On Thu, Apr 29, 2021 at 4:03 AM Arvid Heise  wrote:

> Hi Dan,
>
> could you check which records are missing? I'm suspecting it could be
> records that are emitted right before roll over of the bucket strategy from
> an otherwise idling partition.
>
> If so it could be indeed connected to idleness. Idleness tells Flink to
> not wait on the particular partition to advance watermark. If a record
> appears in a previously idle partition with an event timestamp before the
> watermark of the other partitions, that record would be deemed late and is
> discarded.
>
> On Tue, Apr 27, 2021 at 2:42 AM Dan Hill  wrote:
>
>> Hey Robert.
>>
>> Nothing weird.  I was trying to find recent records (not the latest).  No
>> savepoints (just was running about ~1 day).  No checkpoint issues (all
>> successes).  I don't know how many are missing.
>>
>> I removed the withIdleness. The other parts are very basic.  The text
>> logs look pretty useless.
>>
>> On Mon, Apr 26, 2021 at 11:07 AM Robert Metzger 
>> wrote:
>>
>>> Hi Dan,
>>>
>>> Can you describe under which conditions you are missing records (after a
>>> machine failure, after a Kafka failure, after taking and restoring from a
>>> savepoint, ...).
>>> Are many records missing? Are "the first records" or the "latest
>>> records" missing? Any individual records missing, or larger blocks of data?
>>>
>>> I don't think that there's a bug in Flink or the Kafka connector.

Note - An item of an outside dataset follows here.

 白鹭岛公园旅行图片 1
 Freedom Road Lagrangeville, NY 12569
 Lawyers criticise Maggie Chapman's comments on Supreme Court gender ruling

Maybe
>>> its just a configuration or systems design issue.
>>>
>>>
>>> On Sun, Apr 25, 2021 at 9:56 AM Dan Hill  wrote:
>>>
>>>> Hi!
>>>>
>>>> Have any other devs noticed issues with Flink missing Kafka records
>>>> with long-running Flink jobs?  When I re-run my Flink job and start from
>>>> the earliest Kafka offset, Flink processes the events correctly.  I'm using
>>>> Flink v1.11.1.
>>>>
>>>> I have a simple job that takes records (Requests) from Kafka and
>>>> serializes them to S3.  Pretty basic.  No related issues in the text logs.
>>>> I'm hoping I just have a configuration issue.  I'm guessing idleness is
>>>> working in a way that I'm not expecting.
>>>>
>>>> Any ideas?
>>>> - Dan
>>>>
>>>>
>>>> void createLogRequestJob(StreamExecutionEnvironment env) throws
>>>> Exception {
>>>>
>>>>   Properties kafkaSourceProperties =
>>>> getKafkaSourceProperties("logrequest");
>>>>
>>>>   SingleOutputStreamOperator rawRequestInput = env.addSource(
>>>>
>>>> new FlinkKafkaConsumer(getInputRequestTopic(),
>>>> getProtoDeserializationSchema(Request.class), kafkaSourceProperties))
>>>>
>>>>   .uid("source-request")
>>>>
>>>>   .name("Request")
>>>>
>>>>   .assignTimestampsAndWatermarks(
>>>>
>>>>
>>>> WatermarkStrategy.forBoundedOutOfOrderness(maxOutOfOrderness).withIdleness(Duration.ofMinutes(1)));
>>>>
>>>>
>>>>   executeLogRequest(rawRequestInput);
>>>>
>>>>   env.execute("log-request");
>>>>
>>>> }
>>>>
>>>>
>>>> void executeLogRequest(SingleOutputStreamOperator
>>>> rawRequestInput) {
>>>>
>>>>   AvroWriterFactory factory =
>>>> getAvroWriterFactory(Request.class);
>>>>
>>>>   rawRequestInput.addSink(StreamingFileSink
>>>>
>>>>   .forBulkFormat(new Path(getS3OutputDirectory(), "raw/request"),
>>>> factory)
>>>>
>>>>   .withBucketAssigner(new DateHourBucketAssigner(request
>>>> -> request.getTiming().getEventApiTimestamp()))
>>>>
>>>>   .withRollingPolicy(OnCheckpointRollingPolicy.build())
>>>>
>>>>   .withOutputFileConfig(createOutputFileConfig())
>>>>
>>>>   .build())
>>>>
>>>> .uid("sink-s3-raw-request")
>>>>
>>>> .name("S3 Raw Request");
>>>>
>>>> }
>>>>
>>>>
>>>>
>>>>


Re: Flink missing Kafka records

2021-04-29 Thread Arvid Heise
Hi Dan,

could you check which records are missing? I'm suspecting it could be
records that are emitted right before roll over of the bucket strategy from
an otherwise idling partition.

If so it could be indeed connected to idleness. Idleness tells Flink to not
wait on the particular partition to advance watermark. If a record appears
in a previously idle partition with an event timestamp before the watermark
of the other partitions, that record would be deemed late and is discarded.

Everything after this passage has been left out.